Понять себя, изменяться — видеть себя со стороны. Каждому бы из нас по иностранцу. Он видит нас такими, какими он не есть. Внешне. Но прозревает ли он и внутреннюю суть? С такими сомнениями я обратился к доктору Чи Жэню, который проездом был в нашей стране. При помощи его образа мыслей я пытался разобраться и в своих собственных.

— Наши закомплексованности не такая уж и плохая вещь, — говорил доктор Чи Жэнь. — Когда-нибудь из них мы сами вырастаем.

— А если не созреваем в их теплицах, топчемся на месте и не выходим за скорлупки никогда?

— Будь спокоен, из косточек вырастаем как пить дать. Другое дело, что этот процесс в себе и других иногда кажется слишком медленным. Сразу хочется так многого, но на что оно? Многое предвкушаешь, но всему свои место и срок. Будь терпелив к себе и другим. Ведь и по себе знаешь, что тело растет постепенно. Так и мы постоянно и постепенно вырастаем из тела, в котором оказываемся. Новые возможности, очередные потребности роста, движения и развития.

— Но хорошо. А как быть с закомплексованностями, зажимами, странностями?

— Они — элементарная защитная оболочка. Внешняя и внутренняя. Скорлупа и костяк. Пределы ограниченности, в которых осваиваемся и познаем те богатства и тайны, что даны нам в этих границах. У каждого своё. Свои гумус и гомункулус. Но у всех одна неудовлетворенность тем, что и чем мы есть, и она движет нами дальше. Рождаемся в том месте, в том времени и в той стране, из которых вырастаем.

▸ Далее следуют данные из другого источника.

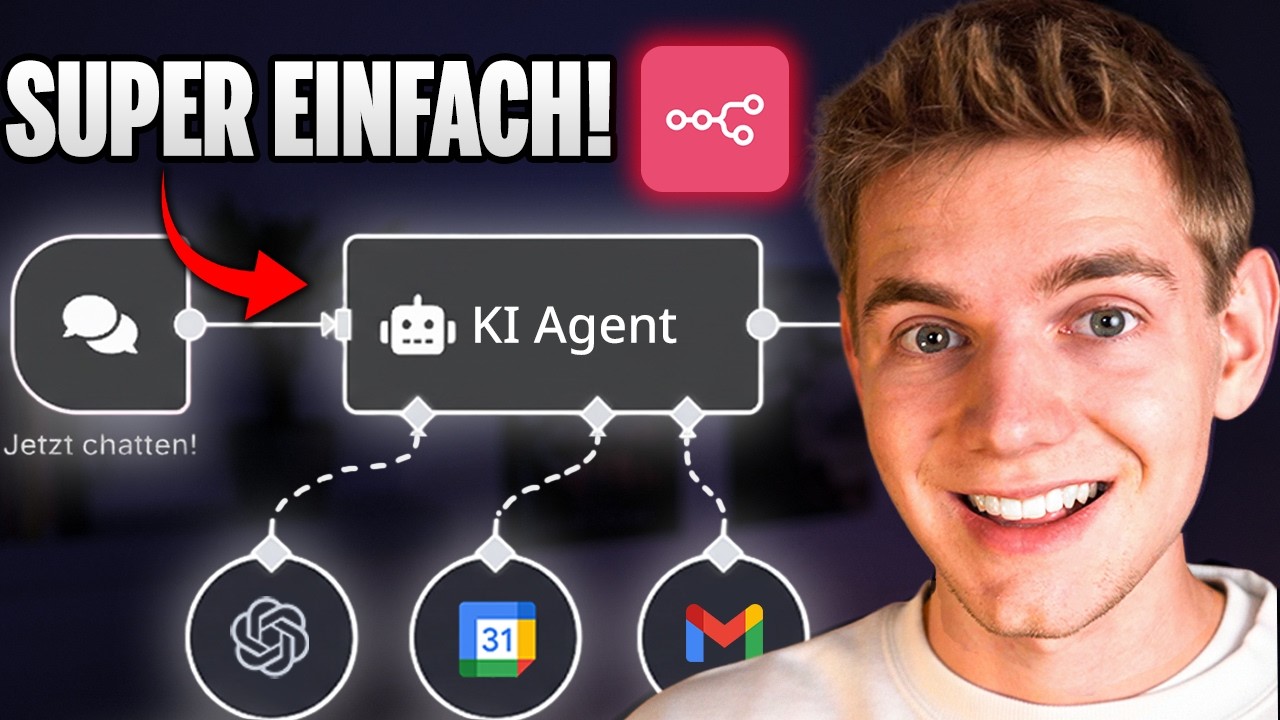 Baue Deinen Ersten KI-AGENTEN in n8n! (Für Anfänger, in 20 min)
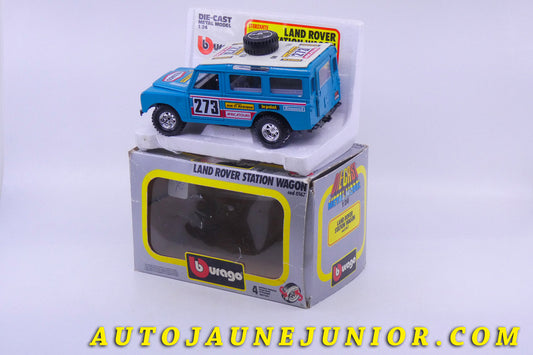 Le Burago Land-Rover 109 LWB Paris dakar est en vente sur Auto Jaune Junior ! Découvrez nos collections de diecast Minialuxe, CIJ, C-I-J, JRD, J-R-D,  Matchbox, Majorette… AutoJauneJunior.com : LE site de partage pour les passionés de miniatures et collectionneurs de jouets anciens ! 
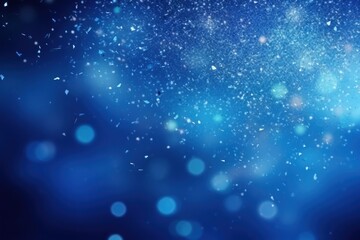 Canvas Print - bright shiny blue backgrounds illuminated snowflake.
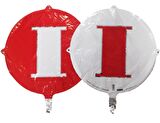 FOLYO BALON HARF I KIRMIZI-BEYAZ 18''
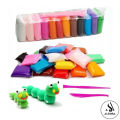 Colors Air Dry Clay Pack of 12 for Kids - Non-Toxic Soft & Ultra Light Modeling Clay With 2 Sculpting Tools - Perfect Creative Gift for Boys & Girls - Multicolor.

— Неудовлетворенность — прекрасно сказано, и сексуальная тоже?

— Она одна. Пусть и назовем ее сексуальной, к смерти, к богу, к власти, к истине, к человечности, к справедливости, к благу, к тайне, к добру, к зачатию, детям, к единству, к личности, индивидуализации, к природе... Или как иначе. Стремление к познанию, раскрытию, развитию.

— К техническому?

— Все это лишь ступеньки к возможностям самого человека. Мы ничего не творим нового, все уже заложено в нас, и наше творение — раскрыть себя.

— Впрямь как протереть и распахнуть окошко?

— Тем-то наши творения и удивительны, что происходят исподволь. И всегда неожиданны для творца.

— Сплошные подарки и сюрпризы на Рождество?

— К рождеству. Для тех и становится творчество источником радости, жизни, вдохновения и сил, кто открывает его в себе.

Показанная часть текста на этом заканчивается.